Yes, Dennis, I do. Remember the discussion we had about DCA of tight shale oil wells where there are actually two flow regimes to consider? Typically shale oil EUR’s are determined based on IP30, during frac-induced transient flow. The flow from that well transitions in to radial type flow, I don’t know, within 30-36 months? Mr. Liu has described that far better than I can in the Permian thread and it is definitely worth reading. In a tight rock it is wrong to assume the well will drain, or behave, the same way thru its life cycle. Bigger IP30’s (minutes?) create enormous BOE EUR’s that are simply not true. The folks creating those EUR’s, in which P1 reserves are booked as assets, know that. The SEC allows them to do it anyway. We are going to soon find out America does not have 1/3rd the unconventional shale oil reserves it has been led to believe.
Does 300 to 350 kb EUR20year at least seem more rrasonable than NDIC EUR. 30 YEAR 870 KB?
Dennis 300-350K BO sounds far more reasonable than 870 over 30 years, yes. I am unclear how gas expansion shale “containers” will deplete past year 10-12; 30 years is a big stretch to me.
I usually assume exponential decline at 8 to 10% per year after year 12 to 15 (when the hyperbolic gets to about 9% or so I assume exponential decline beyond that point.)

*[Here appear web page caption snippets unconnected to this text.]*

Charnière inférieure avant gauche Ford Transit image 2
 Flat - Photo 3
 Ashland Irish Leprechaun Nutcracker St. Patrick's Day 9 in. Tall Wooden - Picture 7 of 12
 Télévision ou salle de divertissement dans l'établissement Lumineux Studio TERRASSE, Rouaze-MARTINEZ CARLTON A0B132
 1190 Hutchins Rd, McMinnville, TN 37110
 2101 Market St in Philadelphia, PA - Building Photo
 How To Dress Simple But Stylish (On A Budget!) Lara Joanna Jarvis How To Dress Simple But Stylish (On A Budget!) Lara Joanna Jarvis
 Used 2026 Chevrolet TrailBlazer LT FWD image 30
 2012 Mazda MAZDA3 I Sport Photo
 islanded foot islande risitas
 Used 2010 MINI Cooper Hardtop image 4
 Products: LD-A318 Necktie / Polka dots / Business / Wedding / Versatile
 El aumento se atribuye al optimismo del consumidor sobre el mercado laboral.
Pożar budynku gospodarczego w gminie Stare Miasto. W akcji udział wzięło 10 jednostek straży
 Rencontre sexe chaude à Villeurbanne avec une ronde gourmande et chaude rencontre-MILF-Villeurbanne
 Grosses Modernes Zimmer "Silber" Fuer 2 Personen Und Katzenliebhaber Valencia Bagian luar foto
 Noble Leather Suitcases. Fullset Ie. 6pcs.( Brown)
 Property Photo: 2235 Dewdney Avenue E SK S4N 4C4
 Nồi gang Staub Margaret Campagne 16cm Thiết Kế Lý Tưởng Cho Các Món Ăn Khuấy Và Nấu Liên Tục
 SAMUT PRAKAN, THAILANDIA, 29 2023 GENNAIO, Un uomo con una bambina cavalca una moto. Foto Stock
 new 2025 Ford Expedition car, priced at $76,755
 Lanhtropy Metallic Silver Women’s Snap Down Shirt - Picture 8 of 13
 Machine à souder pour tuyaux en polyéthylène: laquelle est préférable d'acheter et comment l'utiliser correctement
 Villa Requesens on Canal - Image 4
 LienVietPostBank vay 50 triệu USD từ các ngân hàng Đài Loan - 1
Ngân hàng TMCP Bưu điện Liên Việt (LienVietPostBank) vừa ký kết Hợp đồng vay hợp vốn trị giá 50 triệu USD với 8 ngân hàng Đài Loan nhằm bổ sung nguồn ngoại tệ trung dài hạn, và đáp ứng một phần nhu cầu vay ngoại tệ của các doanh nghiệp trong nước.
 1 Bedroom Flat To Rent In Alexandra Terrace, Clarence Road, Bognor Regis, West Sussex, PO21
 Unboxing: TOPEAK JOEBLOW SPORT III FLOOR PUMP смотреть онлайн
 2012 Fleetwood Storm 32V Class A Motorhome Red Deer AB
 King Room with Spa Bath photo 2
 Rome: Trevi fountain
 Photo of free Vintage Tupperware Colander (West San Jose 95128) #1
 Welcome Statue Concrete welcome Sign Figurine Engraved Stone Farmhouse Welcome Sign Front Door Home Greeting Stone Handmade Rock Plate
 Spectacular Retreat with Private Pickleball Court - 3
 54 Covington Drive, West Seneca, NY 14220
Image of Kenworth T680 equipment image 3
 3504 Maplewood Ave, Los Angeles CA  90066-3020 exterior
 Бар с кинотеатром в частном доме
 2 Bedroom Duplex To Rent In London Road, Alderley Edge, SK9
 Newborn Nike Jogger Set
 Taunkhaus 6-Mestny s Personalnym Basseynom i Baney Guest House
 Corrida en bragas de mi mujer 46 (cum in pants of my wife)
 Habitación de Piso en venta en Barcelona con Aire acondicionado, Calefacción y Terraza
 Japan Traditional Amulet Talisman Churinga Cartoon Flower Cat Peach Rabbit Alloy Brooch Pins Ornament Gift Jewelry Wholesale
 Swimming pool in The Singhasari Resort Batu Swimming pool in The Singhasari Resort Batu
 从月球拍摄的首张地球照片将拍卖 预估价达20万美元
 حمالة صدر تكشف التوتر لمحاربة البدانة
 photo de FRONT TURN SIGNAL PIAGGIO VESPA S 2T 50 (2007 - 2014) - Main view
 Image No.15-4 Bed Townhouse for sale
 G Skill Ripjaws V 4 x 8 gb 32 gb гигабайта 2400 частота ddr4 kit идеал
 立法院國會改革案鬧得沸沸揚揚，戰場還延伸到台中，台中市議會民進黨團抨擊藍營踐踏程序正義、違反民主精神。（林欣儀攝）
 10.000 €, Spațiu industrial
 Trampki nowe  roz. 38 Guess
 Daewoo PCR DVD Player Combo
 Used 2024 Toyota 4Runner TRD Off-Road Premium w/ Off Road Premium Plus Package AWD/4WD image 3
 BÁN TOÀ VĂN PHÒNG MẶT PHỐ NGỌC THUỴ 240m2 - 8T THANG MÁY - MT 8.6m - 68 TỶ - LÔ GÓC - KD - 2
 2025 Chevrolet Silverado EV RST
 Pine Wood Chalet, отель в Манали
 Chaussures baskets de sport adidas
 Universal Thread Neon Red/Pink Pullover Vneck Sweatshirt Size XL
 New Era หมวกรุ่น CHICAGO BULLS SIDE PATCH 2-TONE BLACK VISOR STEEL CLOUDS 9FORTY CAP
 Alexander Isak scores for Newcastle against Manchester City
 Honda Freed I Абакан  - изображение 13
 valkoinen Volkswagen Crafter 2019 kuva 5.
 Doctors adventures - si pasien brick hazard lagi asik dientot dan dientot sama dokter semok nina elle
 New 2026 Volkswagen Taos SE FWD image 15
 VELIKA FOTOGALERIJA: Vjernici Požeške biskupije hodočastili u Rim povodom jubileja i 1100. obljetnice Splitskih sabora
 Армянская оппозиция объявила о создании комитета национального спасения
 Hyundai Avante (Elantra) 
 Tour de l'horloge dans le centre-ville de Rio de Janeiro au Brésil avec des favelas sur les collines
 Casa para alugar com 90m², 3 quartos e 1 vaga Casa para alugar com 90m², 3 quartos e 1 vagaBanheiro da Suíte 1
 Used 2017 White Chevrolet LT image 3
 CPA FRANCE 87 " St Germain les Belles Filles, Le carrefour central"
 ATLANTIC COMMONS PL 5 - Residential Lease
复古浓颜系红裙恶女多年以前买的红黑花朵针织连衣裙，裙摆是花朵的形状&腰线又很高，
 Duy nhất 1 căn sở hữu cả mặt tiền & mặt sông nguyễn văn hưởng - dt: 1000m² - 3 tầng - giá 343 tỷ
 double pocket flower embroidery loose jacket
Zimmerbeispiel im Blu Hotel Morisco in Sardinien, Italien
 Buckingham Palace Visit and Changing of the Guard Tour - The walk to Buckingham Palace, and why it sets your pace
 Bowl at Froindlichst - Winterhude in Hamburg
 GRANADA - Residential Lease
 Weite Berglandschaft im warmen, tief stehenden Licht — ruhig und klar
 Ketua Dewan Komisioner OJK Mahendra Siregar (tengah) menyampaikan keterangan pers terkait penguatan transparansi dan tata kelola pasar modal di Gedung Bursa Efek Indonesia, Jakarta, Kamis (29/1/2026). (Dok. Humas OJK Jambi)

Obviously this is a guess, your guess would be much better than mine based on many years actually drilling and producing wells.
Thanks though, I realize the EUR could be considerably less than my guesstimate, the fact is I do not know.
Yeah, “We are going to soon find out America does not have 1/3rd the unconventional shale oil reserves it has been led to believe.” — that’s true, even if price goes to $100
I agree the EIA estimates are much too high. The USGS estimates may not be too bad if oil prices are high enough ($100/b or more). I imagine we will produce at least to the level of the USGS F95 estimates for undiscovered oil plus cumulative output and proved reserves.